_Exercise prompt_.
Among the records, find the lines that hold the string "Lake" and return them.

_Exercise inputs_.
_ _ _ _ _ _ _

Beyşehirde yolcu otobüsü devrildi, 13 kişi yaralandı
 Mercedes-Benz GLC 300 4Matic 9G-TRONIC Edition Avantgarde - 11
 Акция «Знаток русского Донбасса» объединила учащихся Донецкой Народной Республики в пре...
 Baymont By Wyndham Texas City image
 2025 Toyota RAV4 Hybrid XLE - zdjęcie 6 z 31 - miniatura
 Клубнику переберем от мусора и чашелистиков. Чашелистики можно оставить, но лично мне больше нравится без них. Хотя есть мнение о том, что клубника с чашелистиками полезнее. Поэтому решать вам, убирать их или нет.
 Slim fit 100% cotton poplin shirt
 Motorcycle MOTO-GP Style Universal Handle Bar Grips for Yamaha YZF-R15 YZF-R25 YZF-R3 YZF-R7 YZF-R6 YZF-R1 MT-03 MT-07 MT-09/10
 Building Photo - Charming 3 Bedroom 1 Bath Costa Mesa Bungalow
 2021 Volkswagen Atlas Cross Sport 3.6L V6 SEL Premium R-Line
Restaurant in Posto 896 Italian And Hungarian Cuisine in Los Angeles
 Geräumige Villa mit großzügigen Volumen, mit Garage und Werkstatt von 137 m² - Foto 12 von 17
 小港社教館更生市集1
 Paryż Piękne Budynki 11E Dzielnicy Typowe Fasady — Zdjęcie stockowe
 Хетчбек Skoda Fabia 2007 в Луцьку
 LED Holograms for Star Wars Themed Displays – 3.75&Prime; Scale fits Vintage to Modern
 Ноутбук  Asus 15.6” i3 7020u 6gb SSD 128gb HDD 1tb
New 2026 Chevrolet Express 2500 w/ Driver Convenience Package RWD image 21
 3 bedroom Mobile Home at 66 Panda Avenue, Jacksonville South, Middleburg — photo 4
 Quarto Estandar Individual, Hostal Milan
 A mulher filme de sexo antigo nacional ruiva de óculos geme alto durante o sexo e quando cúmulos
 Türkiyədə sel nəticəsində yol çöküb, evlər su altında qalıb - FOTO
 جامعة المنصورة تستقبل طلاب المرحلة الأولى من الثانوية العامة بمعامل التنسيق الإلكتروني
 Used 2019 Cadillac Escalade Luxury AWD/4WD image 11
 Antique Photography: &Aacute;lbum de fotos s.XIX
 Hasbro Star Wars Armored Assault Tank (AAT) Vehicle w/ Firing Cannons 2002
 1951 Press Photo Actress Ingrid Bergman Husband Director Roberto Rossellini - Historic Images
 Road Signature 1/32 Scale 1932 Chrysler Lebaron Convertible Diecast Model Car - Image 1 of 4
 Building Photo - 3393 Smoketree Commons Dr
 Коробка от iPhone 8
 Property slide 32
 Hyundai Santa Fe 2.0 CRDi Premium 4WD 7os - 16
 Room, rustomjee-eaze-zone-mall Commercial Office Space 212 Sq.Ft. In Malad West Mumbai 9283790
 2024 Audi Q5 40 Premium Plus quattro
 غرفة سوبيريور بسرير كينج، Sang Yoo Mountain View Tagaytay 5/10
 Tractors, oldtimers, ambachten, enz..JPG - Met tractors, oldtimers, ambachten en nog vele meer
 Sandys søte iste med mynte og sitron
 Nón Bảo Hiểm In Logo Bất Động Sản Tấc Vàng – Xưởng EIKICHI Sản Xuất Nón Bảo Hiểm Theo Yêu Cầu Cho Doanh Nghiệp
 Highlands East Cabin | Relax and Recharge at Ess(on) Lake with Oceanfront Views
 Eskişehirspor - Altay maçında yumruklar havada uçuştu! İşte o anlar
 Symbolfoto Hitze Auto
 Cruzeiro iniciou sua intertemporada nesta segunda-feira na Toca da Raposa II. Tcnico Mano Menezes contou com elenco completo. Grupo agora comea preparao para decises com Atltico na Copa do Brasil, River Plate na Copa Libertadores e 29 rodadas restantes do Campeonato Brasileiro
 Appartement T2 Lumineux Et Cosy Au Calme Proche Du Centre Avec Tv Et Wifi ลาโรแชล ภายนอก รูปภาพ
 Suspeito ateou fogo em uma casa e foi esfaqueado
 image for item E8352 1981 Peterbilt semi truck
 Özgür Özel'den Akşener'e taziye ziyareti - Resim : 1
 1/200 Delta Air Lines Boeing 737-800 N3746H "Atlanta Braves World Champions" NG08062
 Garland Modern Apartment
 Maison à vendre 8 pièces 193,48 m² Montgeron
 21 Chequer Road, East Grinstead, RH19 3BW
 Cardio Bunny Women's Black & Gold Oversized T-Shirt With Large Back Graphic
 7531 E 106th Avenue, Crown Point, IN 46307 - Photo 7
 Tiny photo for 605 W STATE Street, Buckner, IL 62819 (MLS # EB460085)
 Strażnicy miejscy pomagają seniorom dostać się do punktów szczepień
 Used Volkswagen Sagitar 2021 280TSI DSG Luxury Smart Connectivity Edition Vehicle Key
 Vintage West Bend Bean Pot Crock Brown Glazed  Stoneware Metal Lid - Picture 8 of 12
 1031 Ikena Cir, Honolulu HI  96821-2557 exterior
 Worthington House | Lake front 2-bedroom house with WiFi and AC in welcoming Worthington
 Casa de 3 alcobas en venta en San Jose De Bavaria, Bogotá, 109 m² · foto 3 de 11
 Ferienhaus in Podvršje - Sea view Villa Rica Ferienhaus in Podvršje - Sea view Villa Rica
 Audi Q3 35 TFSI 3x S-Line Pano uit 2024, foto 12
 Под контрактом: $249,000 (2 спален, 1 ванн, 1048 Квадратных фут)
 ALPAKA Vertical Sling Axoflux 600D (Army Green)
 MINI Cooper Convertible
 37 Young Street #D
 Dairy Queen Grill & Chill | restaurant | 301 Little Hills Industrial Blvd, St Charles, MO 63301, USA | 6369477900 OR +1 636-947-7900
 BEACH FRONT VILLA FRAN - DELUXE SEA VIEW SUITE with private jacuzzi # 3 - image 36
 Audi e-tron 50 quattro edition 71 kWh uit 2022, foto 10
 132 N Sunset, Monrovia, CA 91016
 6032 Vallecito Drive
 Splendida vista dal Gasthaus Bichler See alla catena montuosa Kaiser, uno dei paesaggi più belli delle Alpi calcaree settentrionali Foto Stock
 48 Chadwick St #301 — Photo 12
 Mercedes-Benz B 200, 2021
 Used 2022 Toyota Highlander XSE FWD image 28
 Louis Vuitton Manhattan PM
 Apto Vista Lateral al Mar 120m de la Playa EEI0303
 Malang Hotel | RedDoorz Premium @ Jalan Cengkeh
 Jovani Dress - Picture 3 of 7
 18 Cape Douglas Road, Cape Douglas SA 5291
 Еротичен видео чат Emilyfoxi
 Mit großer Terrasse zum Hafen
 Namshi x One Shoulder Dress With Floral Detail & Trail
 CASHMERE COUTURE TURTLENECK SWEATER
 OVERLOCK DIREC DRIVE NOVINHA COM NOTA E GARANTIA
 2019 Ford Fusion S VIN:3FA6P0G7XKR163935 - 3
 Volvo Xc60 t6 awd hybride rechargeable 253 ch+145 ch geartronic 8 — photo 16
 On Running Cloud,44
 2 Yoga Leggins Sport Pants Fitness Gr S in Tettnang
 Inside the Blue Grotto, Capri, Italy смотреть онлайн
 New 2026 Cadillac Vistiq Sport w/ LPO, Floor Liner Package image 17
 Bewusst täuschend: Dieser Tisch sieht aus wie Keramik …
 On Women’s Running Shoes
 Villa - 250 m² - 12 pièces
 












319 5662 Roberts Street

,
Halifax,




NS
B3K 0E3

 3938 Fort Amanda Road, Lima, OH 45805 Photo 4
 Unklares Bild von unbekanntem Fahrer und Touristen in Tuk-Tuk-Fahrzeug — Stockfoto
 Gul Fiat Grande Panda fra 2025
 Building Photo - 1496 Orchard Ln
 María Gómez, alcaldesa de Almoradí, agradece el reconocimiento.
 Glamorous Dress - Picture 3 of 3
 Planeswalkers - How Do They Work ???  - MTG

_ _ _ _ _ _ _

_The completed task_.
 Highlands East Cabin | Relax and Recharge at Ess(on) Lake with Oceanfront Views
 Worthington House | Lake front 2-bedroom house with WiFi and AC in welcoming Worthington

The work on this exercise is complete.